Se estaba abrochando las bermudas en el comedor cuando la vio salir de espaldas. Ella se las había ingeniado para apoyar de canto el viejo colchón que venía arrastrando marcha atrás. Se miraron un segundo y él dijo que tenía que irse, que en su casa habían quedado abiertas las ventanas, que el agua, que la gata. El colchón de dos plazas, parado, le sirvió de tabique para esconder la cara. Lo arrastraba moviéndolo hacia uno y otro lado, para esquivar las goteras que habían empezado a caer desde la claraboya de su pieza. Cuando se acercó para ayudarla, ella pegó un tirón fuerte, y él entendió todo lo que hacía falta.

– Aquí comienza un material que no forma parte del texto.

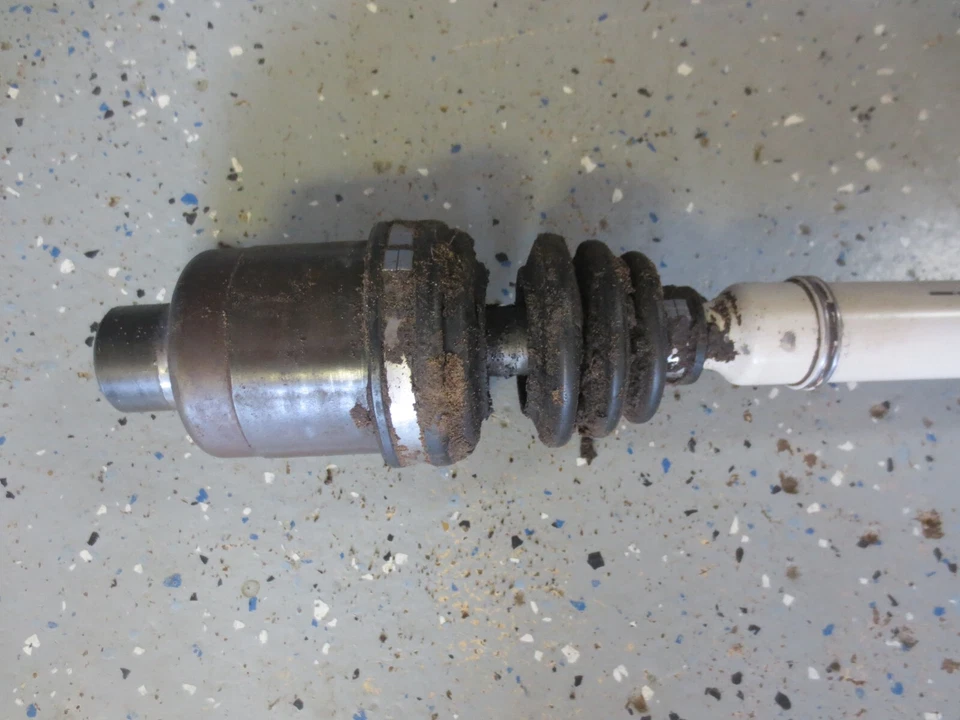 Kubota RTV 500 2008 usado OEM eje de transmisión principal eje de propulsión - desgarrado Foto 2 de 4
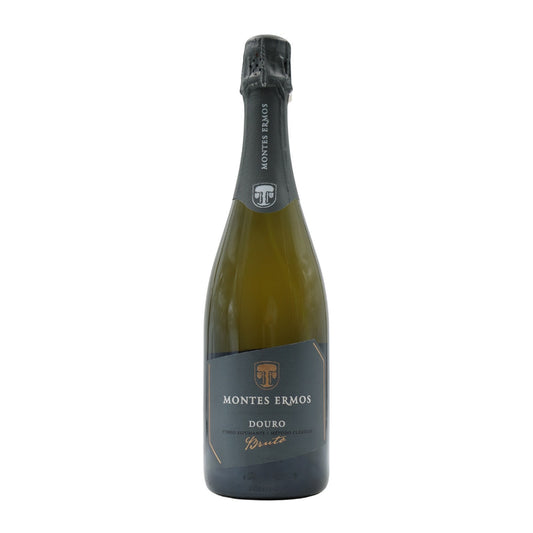 Espumante Montes Ermos Bruto com garrafa elegante e rótulo, destaque para a bebida espumante de celebração.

Mientras se terminaba de vestir, ella apoyó el colchón contra la pared del comedor y pasó desnuda y blanca, y liviana hacia el baño. Sintió que su desnudez tenía una intencionalidad ofensiva. Todo lo que llevaba puesto era un aro de acero con forma de árbol en la oreja izquierda .Él, en cambio, ya tenía puesto su uniforme de bermudas, remera y sandalias. Preparado, esperó sentado mirando la descascarada piel del cielo raso. Cuando escuchó la descarga del baño, fue hasta la puerta que daba al patio. Ella atravesó desnuda el patio, y después a todo lo largo del pasillo del PH donde daban tres departamentos. Al fondo vivían unos viejos, y el de adelante estaba abandonado desde hacía años. A cielo abierto sintieron la humedad, la garúa penetraba en los intersticios más estrechos. Apoyada contra el marco, en una especie de saludo, levantó la mano como un trapo en el aire. Después, cerró la puerta sin esperar respuesta.

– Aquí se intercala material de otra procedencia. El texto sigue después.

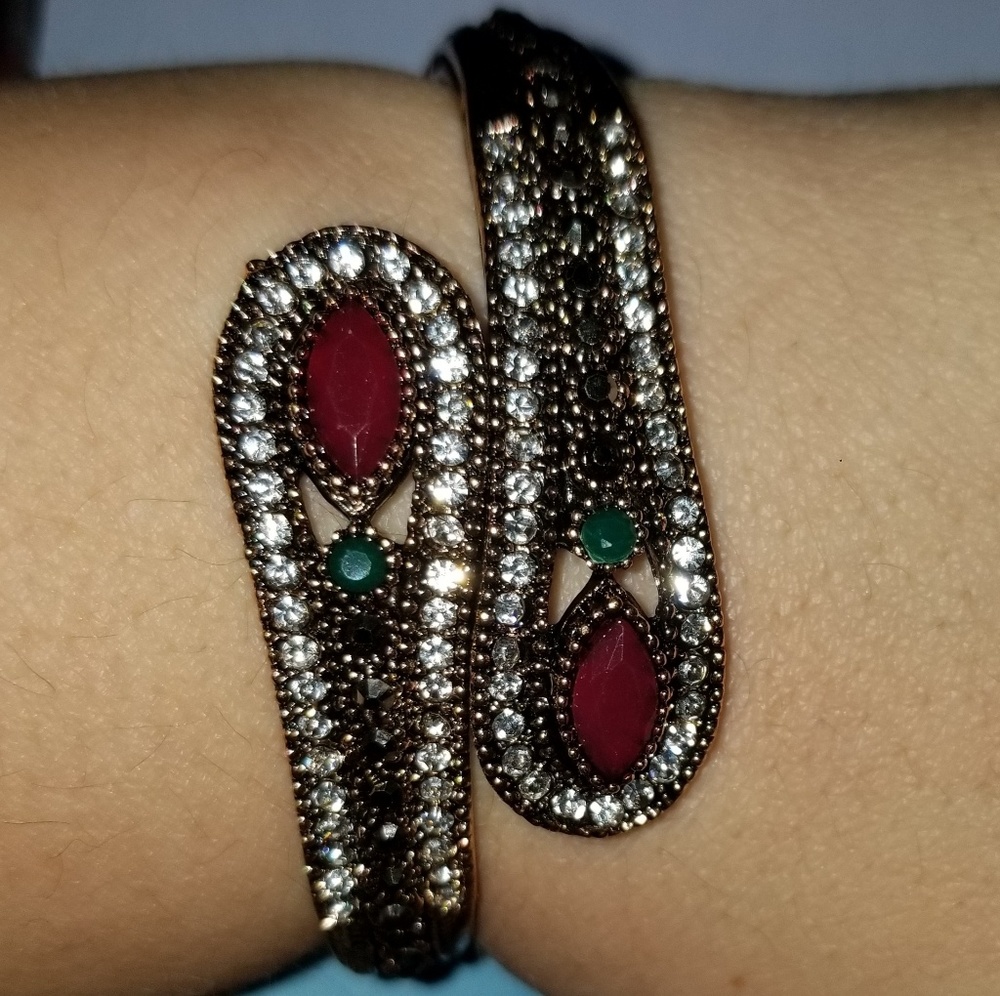 Clasp bracelet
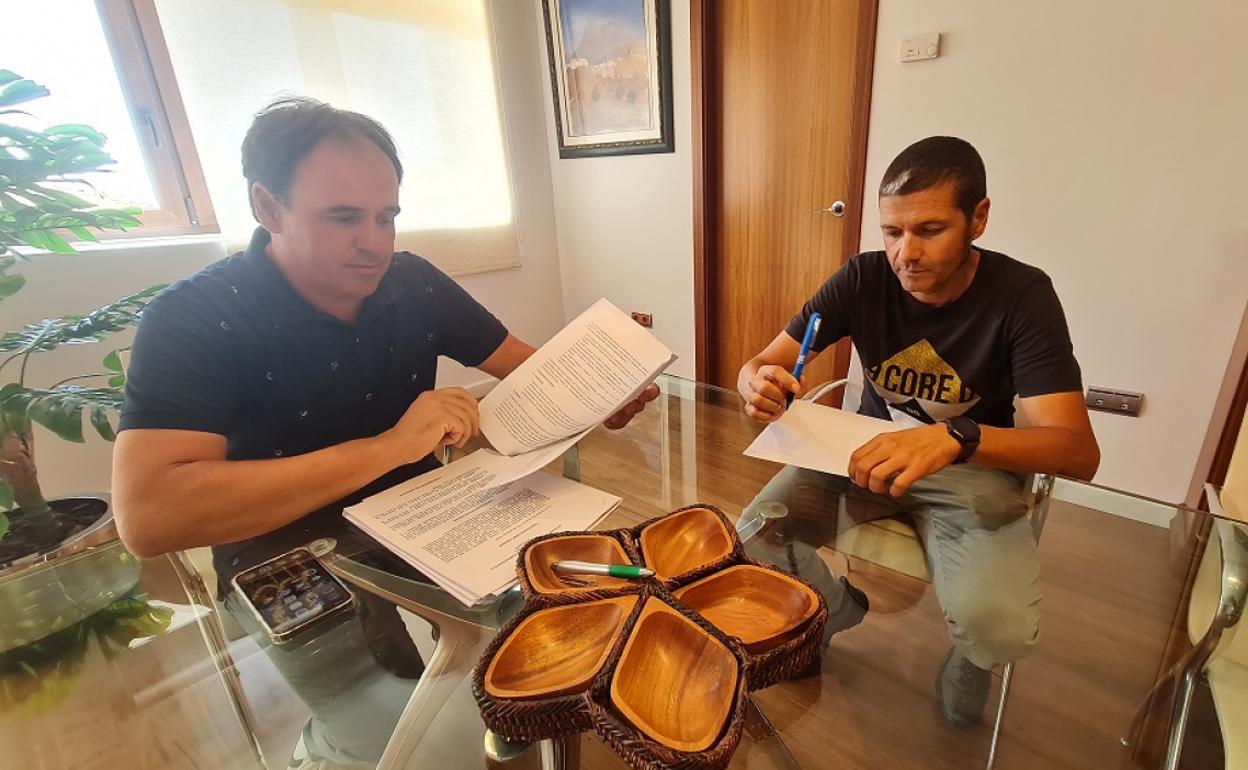 Juanfran Pérez Llorca junto al técnico municipal de Educación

Afuera las gotas eran vagas, ya un poco más consistentes que la garúa, y se mojó mientras caminaba hasta el auto. Sentado en la cabina respiró profundamente. Se quedó quieto frente a los dibujos que el agua iba haciendo en el parabrisas. Grabada le había quedado la imagen de ella, un fantasma contra la puerta negra de chapa. Cuando la respiración y el calor de su cuerpo comenzaron a empañar los vidrios, arrancó.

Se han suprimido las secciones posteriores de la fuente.